Current, Voltage, and Resistance

water coming out of a water hose- current and voltageLet’s start with an example of water flowing through a water hose since we are all familiar with this. You start the water flowing by opening a spigot (technically called a hose bib). Almost immediately, water begins to flow out of the end of the hose. As long as nothing is changed, that same amount of water will continue to flow out of the hose indefinitely. The amount of water that is flowing out of the hose is called the flowrate and is commonly measured in gallons per minute (gpm). If you were to run the water into a 5-gallon bucket and time how long it takes the bucket to fill up, you could measure the flow rate of the water. Let’s assume that you do this and that the flowrate that you measure is 8 gpm.

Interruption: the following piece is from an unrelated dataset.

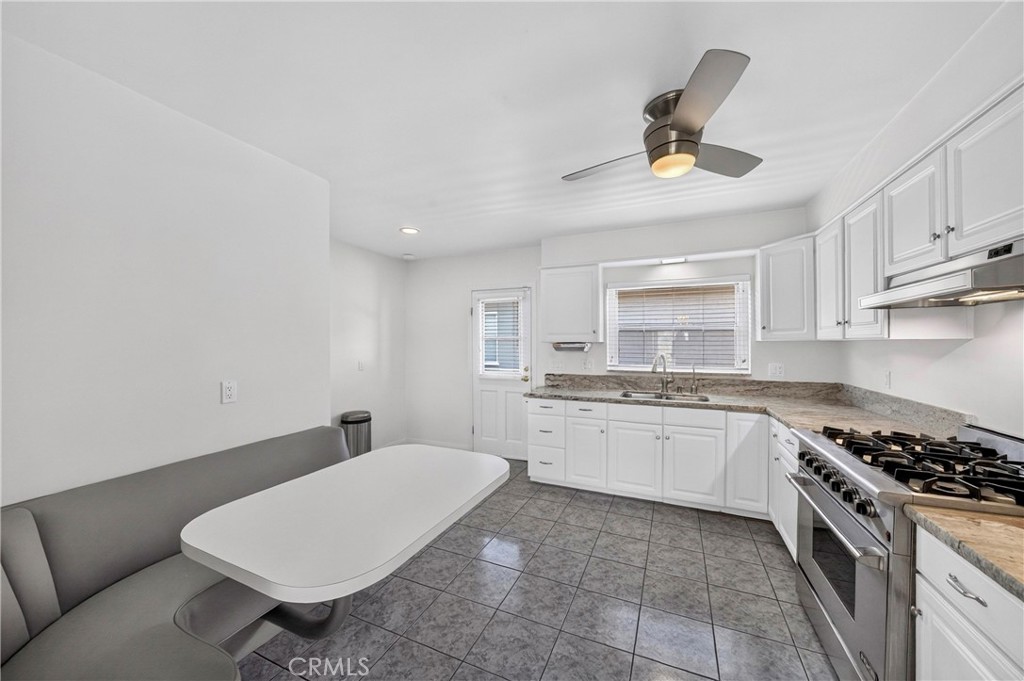 1645 Date Property Photo 14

Now, you turn the spigot to partially close it and slow the flow of the water. Now, if you run water into that bucket, you might measure the flowrate to be only 5 gpm. This is because you have created a resistance to flow by partially closing the spigot. If you connect the pressure gauge and measure the pressure, it will still measure 60 psi, indicating that the pressure has not changed. Closing the spigot only changed the flowrate, it does not change the pressure.

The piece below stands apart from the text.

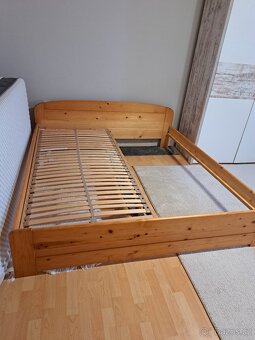 Manželská postel 180x200 dřevo - 2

After measuring the pressure, you remove the gauge and turn the water back on. As you are running the water, there is a small break in the city water line that brings water to your neighborhood. This break causes a drop in the water pressure at your home. When this happens, you notice that the water is only shooting out of the end of your hose and going about half as far. Now, when you hook up the pressure gauge, the gauge may only read 30 – 35 psi. After checking the pressure, you again run water into the bucket and now you only get about 4 gallons per minute – about half of what it was at the beginning of this hypothetical experiment.

In this example, we had three variables/measurements that changed: flowrate, pressure, and how much the spigot was open. Either lowering the pressure to the house or partially closing the spigot to increase the resistance would lower the flowrate, and vice versa. Now let’s relate this to electricity.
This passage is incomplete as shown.